We all know people who have lost it over the past few years. Perhaps it was the election of Donald Trump or the Brexit vote the same year that did it. Or maybe it was the lockdowns or the Ukraine war that sent them over the edge. The strangest and saddest cases, however, involve those who for long years managed to preserve their intellectual poise and political integrity in the face of monolithic mass conformity, elite hostility, and relentless gaslighting by the mainstream media, only to eventually crumble and succumb to supporting the “latest thing.” What is worse is when these hitherto tough-minded types succumb to the “latest thing” even when it is curated with all the typical information-warfare paraphernalia that they had hitherto resisted: Manichaean depictions of evil oppressors and innocent victims, the emotive manipulations of wartime propaganda, flag emojis, social-media trends, hashtag activism—all packaged together with the instinct to purge dissent and enforce conformity.

This is what seems to have now happened to a distinctive strain of leftist foreign-policy realism in response to the Israel-Hamas war.
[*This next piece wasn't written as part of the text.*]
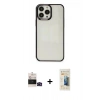 MARSİLYAN™- iPhone 14 Pro Max Kılıf Doruk Doku Prime - Siyah 6D Mat Seramik Hayalet Nano Ekran Koruyucu + Bilvis Titan Kamera Lens - SH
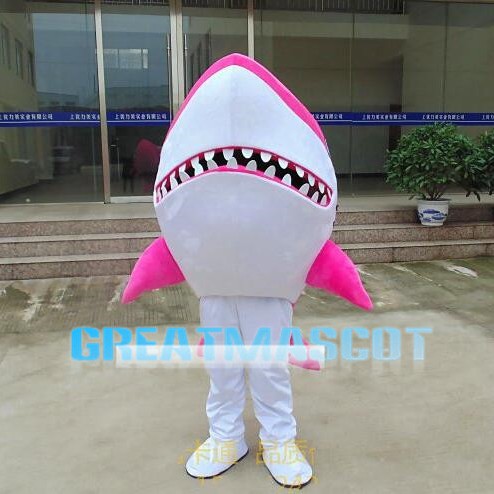 Pink Shark With Sharp Tooth Mascot Costume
Commentators, analysts, and streamers who managed to preserve their equanimity in the face of the war in Ukraine and indulge in open dissent are abdicating their intellectual independence along with their critical faculties in the face of the war in Gaza. These thinkers braved all sorts of moral opprobrium and vicious denunciation when they urged us to turn away from the distressing images of Ukrainian towns and cities devastated by Russian attacks and of the columns of Ukrainian refugees streaming west. Instead, they insisted that if we wanted to understand the war—the better to resolve it—we had to consider more abstract propositions, such as the geopolitical context of the Russian invasion, the history of NATO expansion, the circumstances of the 2014 “uprising” that overthrew the elected government of President Viktor Yanukovych, and so on.

“When it comes to Gaza, maudlin humanitarianism trumps sober realism.”